Entre los cuadros más famosos del Museo del Prado se encuentra “El cardenal”, un retrato pintado por Rafael en 1510. En él aparece un hombre joven, delgado y de aspecto sereno. Está vestido con elegancia, pero sin pompa. Su mirada inteligente invita a conversar con él: seguramente es alguien que tiene mucho que decir.
Cuando Rafael pintó su cuadro, la Iglesia Católica no había llegado a Chile y Europa gozaba de una amplia unidad religiosa. Hoy, el Viejo Mundo es una tierra especialmente afectada por el secularismo, donde es frecuente ver en sus parroquias a sacerdotes africanos o incluso asiáticos, porque la geografía del catolicismo ha cambiado radicalmente. En nuestro país, por su parte, también se observa una pérdida de la práctica religiosa (aunque la población sigue siendo mayoritariamente creyente).
La Iglesia no se enfrenta hoy a la tarea de ir a lejanas tierras, sino la de presentar a Jesucristo a hombres y mujeres que piensan que ya lo conocen lo suficiente. Consideran que es uno más entre tantos productos que se ofrecen en un mercado variopinto, y que, en todo caso, no lo necesitan.
No faltan tampoco quienes ven la figura de un cardenal y de la Iglesia no con los ojos amables del siempre sereno Rafael, sino desde la perspectiva atormentada del pintos británico Francis Bacon (1909-1992), cuyo retrato de un cardenal muestra a un ser oscuro, intimidante, de rostro borroso, un hombre que ni siquiera nos deja ver sus ojos, envueltos como están en la penumbra.
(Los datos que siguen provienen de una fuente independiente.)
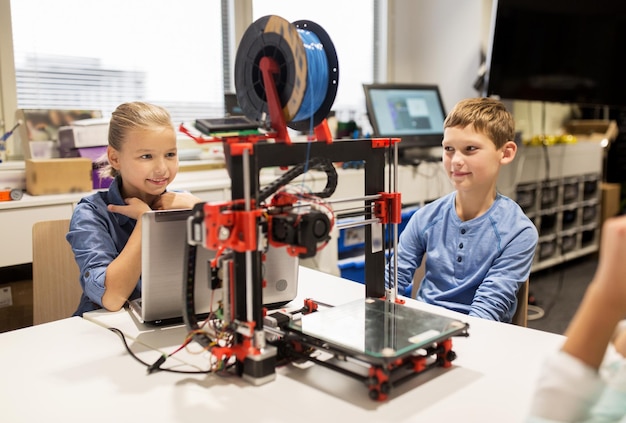 Educación, niños, tecnología, ciencia y concepto de personas: grupo de niños felices con impresora 3D y computadora portátil en la lección de la escuela de robótica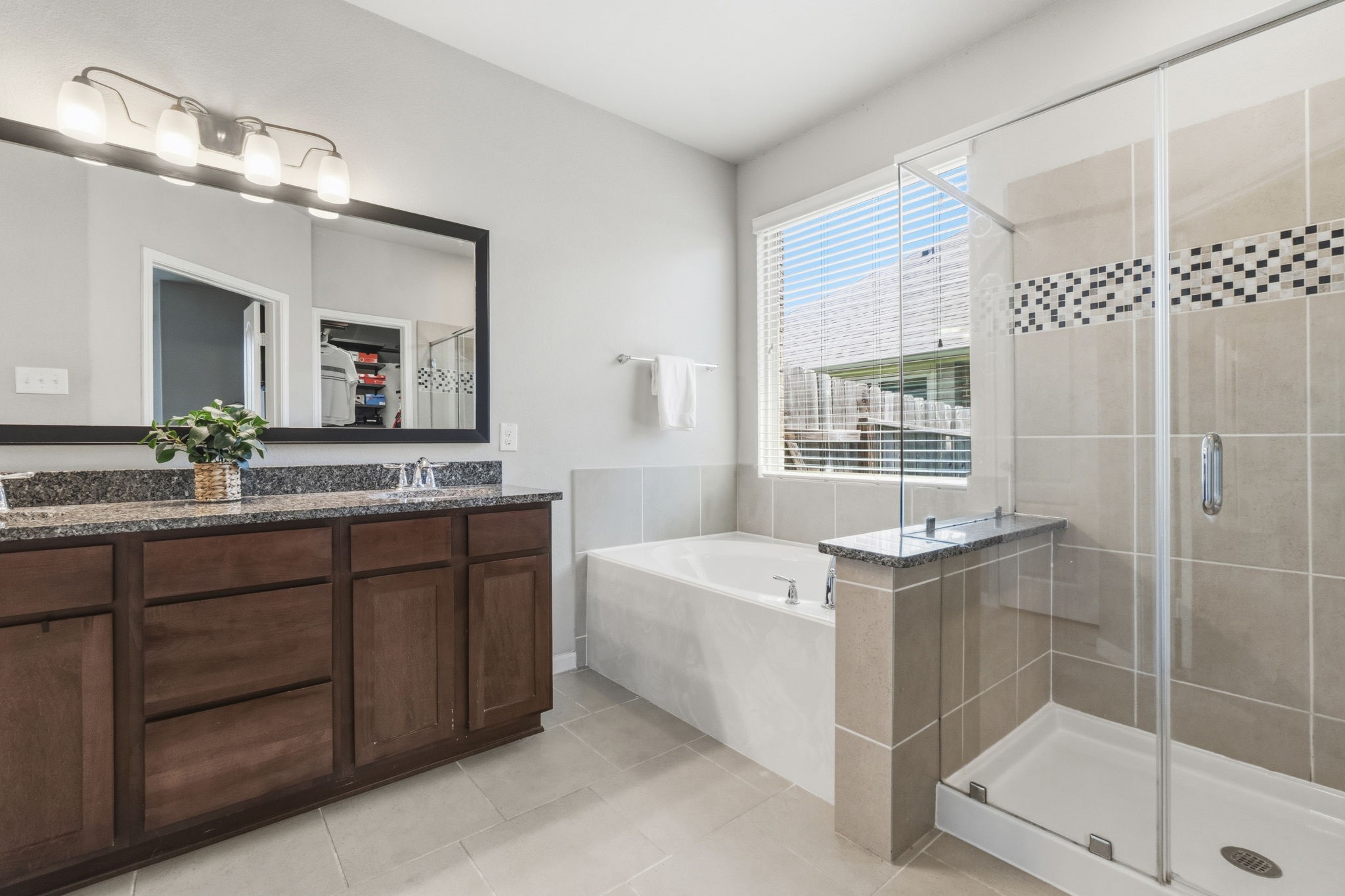 3900 Enchanted Timbers Lane Spring, TX 77386 - Photo 22 of 49 a bathroom with a tub sink and mirror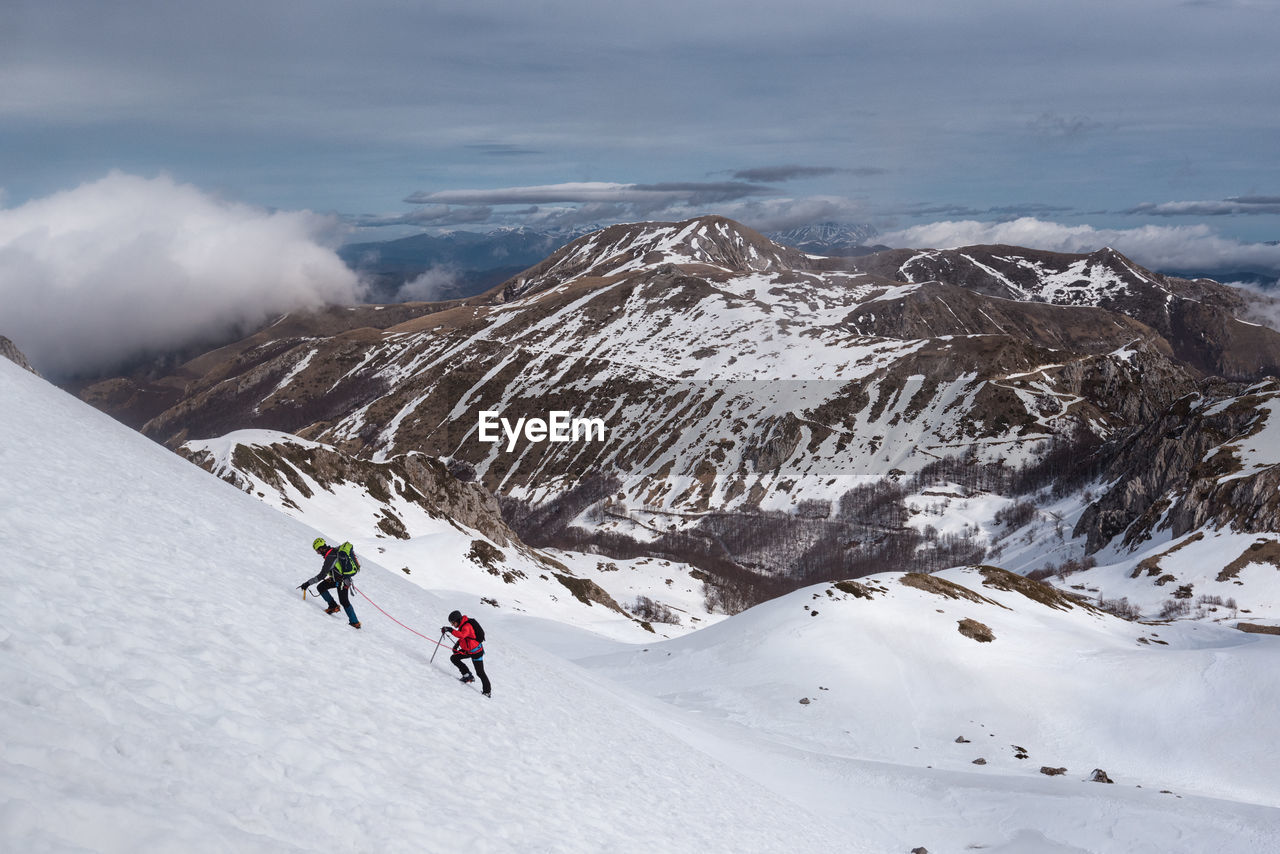 High angle view of people climbing snow covered mountain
Cuando se lea esta columna, la Iglesia contará no con otro retrato hecho por un pintor famoso, sino con un nuevo cardenal chileno, el noveno. Su figura, sin embargo, guarda algunas diferencias respecto de la de sus antecesores.
Quizá la más notoria es que el nuevo cardenal, además de sus otros estudios, es ingeniero. Esta experiencia universitaria configura una mentalidad distinta de la que pudo haber tenido, por ejemplo, el cardenal Caro, el primero que tuvo Chile (1946), que pasó de la escuela de Ciruelos, en Pichilemu, al seminario de Santiago. En contraste con José María Caro, cuando Fernando Chomali vuelva al país no será recibido por masas entusiastas, donde incluso los masones se sentían orgullosos de lo que se consideraba un triunfo nacional. Este cambio obedece no solo a que el porcentaje actual de católicos es notablemente inferior al que había hace ocho décadas, sino a que Chile ya no es esa tierra provinciana en la que nunca pasaba nada ni llegaba nadie. Hoy es poco lo que nos asombra en demasía.
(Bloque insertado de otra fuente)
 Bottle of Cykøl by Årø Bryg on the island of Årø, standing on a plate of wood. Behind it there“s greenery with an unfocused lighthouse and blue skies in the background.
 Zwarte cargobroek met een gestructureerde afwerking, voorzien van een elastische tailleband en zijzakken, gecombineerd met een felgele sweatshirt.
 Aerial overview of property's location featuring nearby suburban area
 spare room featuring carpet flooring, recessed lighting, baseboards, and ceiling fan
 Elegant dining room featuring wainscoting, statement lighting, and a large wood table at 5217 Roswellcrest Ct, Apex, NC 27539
El cardenal Chomali ha sucedido a Mons. Celestino Aós, una figura incomprendida por muchos, ya que no tuvo especial figuración pública. Olvidan que en la última década la Iglesia en Chile ha estado especialmente maltrecha. Hay momentos en que es mejor hablar poco y trabajar para adentro. Estos últimos años no han sido perdidos: el episcopado chileno se ha renovado, es mucho más joven, y ha realizado un amplio y difícil trabajo para corregir errores y sacar experiencias. El tiempo dirá cuáles son sus frutos.
Mons. Chomali ha enfrentado, entonces, una situación muy distinta a la del cardenal Aós. Esta diferencia, sumada a sus cualidades personales, le ha permitido ser considerado un interlocutor relevante en nuestra vida pública, aunque eso no les guste a quienes piensan que un Estado solo puede ser aconfesional en la medida en que la Iglesia tenga la boca cerrada.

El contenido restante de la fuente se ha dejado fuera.